La diplomatie française se proposait de s'appuyer sur le Mexique, l'Algérie, l'Égypte et l'Inde pour mener sa politique dans le tiers monde, mais l'incapacité financière de la France, dans cette période de crise, entrave, là aussi, cette idée généreuse. Certes, les prises de position répétées du président de la République sur l'urgence de réunir une conférence monétaire internationale, l'utilisation de la technologie pour assurer le progrès au Nord comme au Sud, la nécessité impérieuse pour les pays industrialisés de poursuivre leur aide aux pays en développement, le refus d'une nouvelle course aux armements sont approuvés par les partenaires de la France, mais l'on regrette l'absence de suivi de la plupart de ces ouvertures.

Faute d'argent, la France paie d'audace, remarque-t-on ! C'est vrai en ce qui concerne les interventions extérieures. Au Proche-Orient, où l'armée française est déjà présente dans le Sinaï — sous la forme d'un petit contingent logistique au sein d'une Force multinationale chargée de superviser la paix égypto-israélienne — et au Sud-Liban dans le cadre de la FINUL, elle engage d'importants moyens terrestres (2 000 hommes) et maritimes (une partie de l'escadre de la Méditerranée) pour y épauler l'autorité du président libanais Amine Gemayel. Mais, voulant modérer les ambitions des Syriens et des Israéliens, tout en prenant ses distances avec les États-Unis, qui participent comme elle à la composition de la Force multinationale déployée à Beyrouth, elle craint de tomber dans l'engrenage d'une guerre où se mêlent inextricablement conflits internes et ingérences étrangères et qui lui a déjà coûté plusieurs dizaines de soldats. D'aucuns lui reprochent d'être à bout d'idées pour hâter un règlement du conflit proche-oriental.
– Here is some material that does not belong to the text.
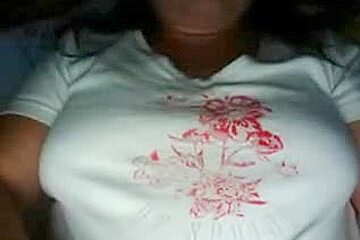 Amateur bbw wife goes clam fishing on webcam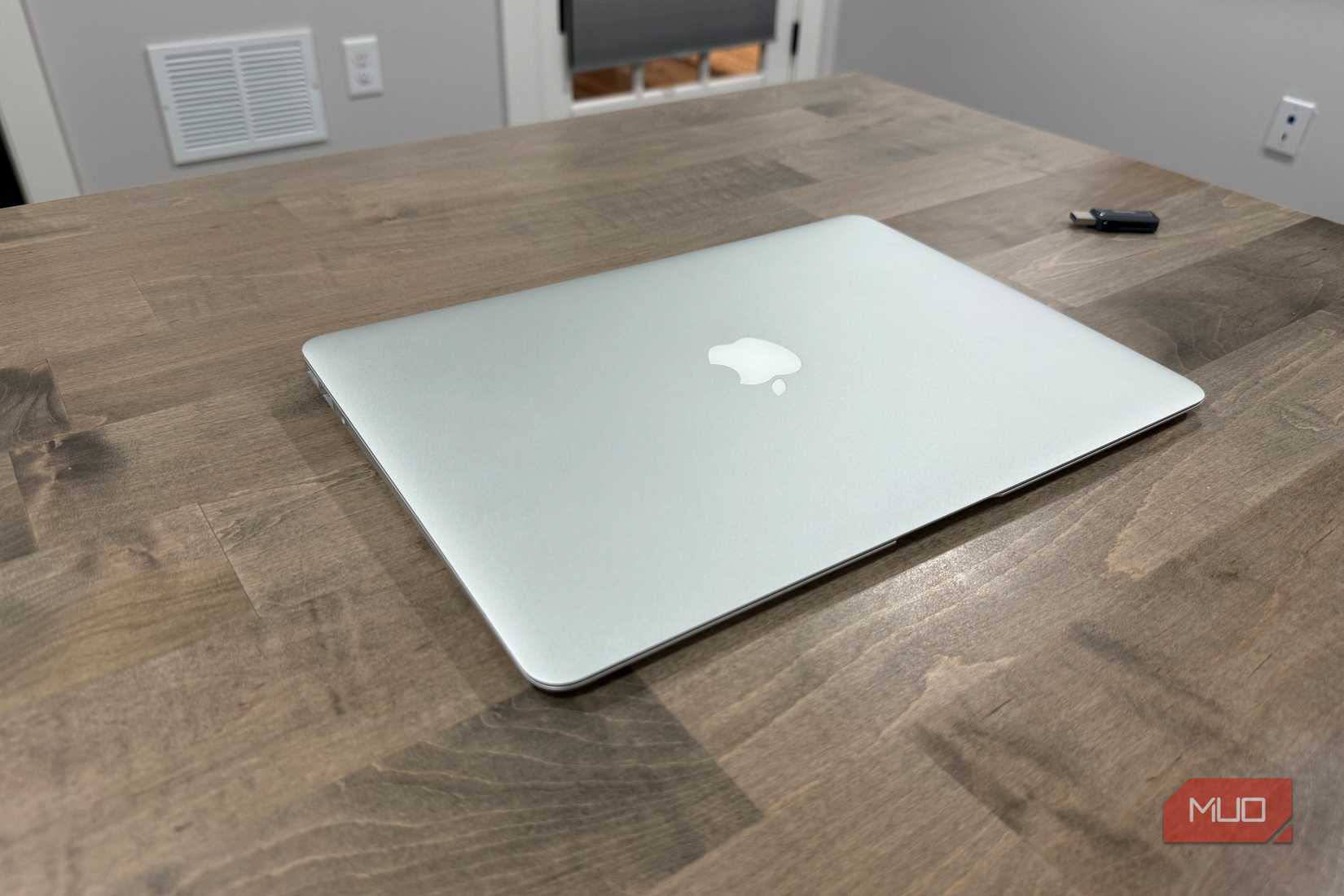 closed 2017 macbook air on desk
En Afrique, finalement convaincue que la Libye a bien agressé le Tchad, elle lance une opération de grande envergure (parachutistes, Jaguar) pour enrayer la progression des forces tchado-libyennes de Goukouni Oueddei et assurer la survie du gouvernement légal d'Hissène Habré. Cette intervention, que certains jugent tardive, n'est pas sans provoquer un nouveau « malentendu transatlantique » et les critiques de ceux qui, en France, redoutent un enlisement des forces françaises, faute d'une solution politique qui reçoive l'agrément des protagonistes du conflit. Tout aussi significatif est le reproche adressé au gouvernement de maintenir, son appui à l'Iraq (livraison de Super-Étendard armés de missiles Exocet) dans la guerre qui l'oppose à l'Iran.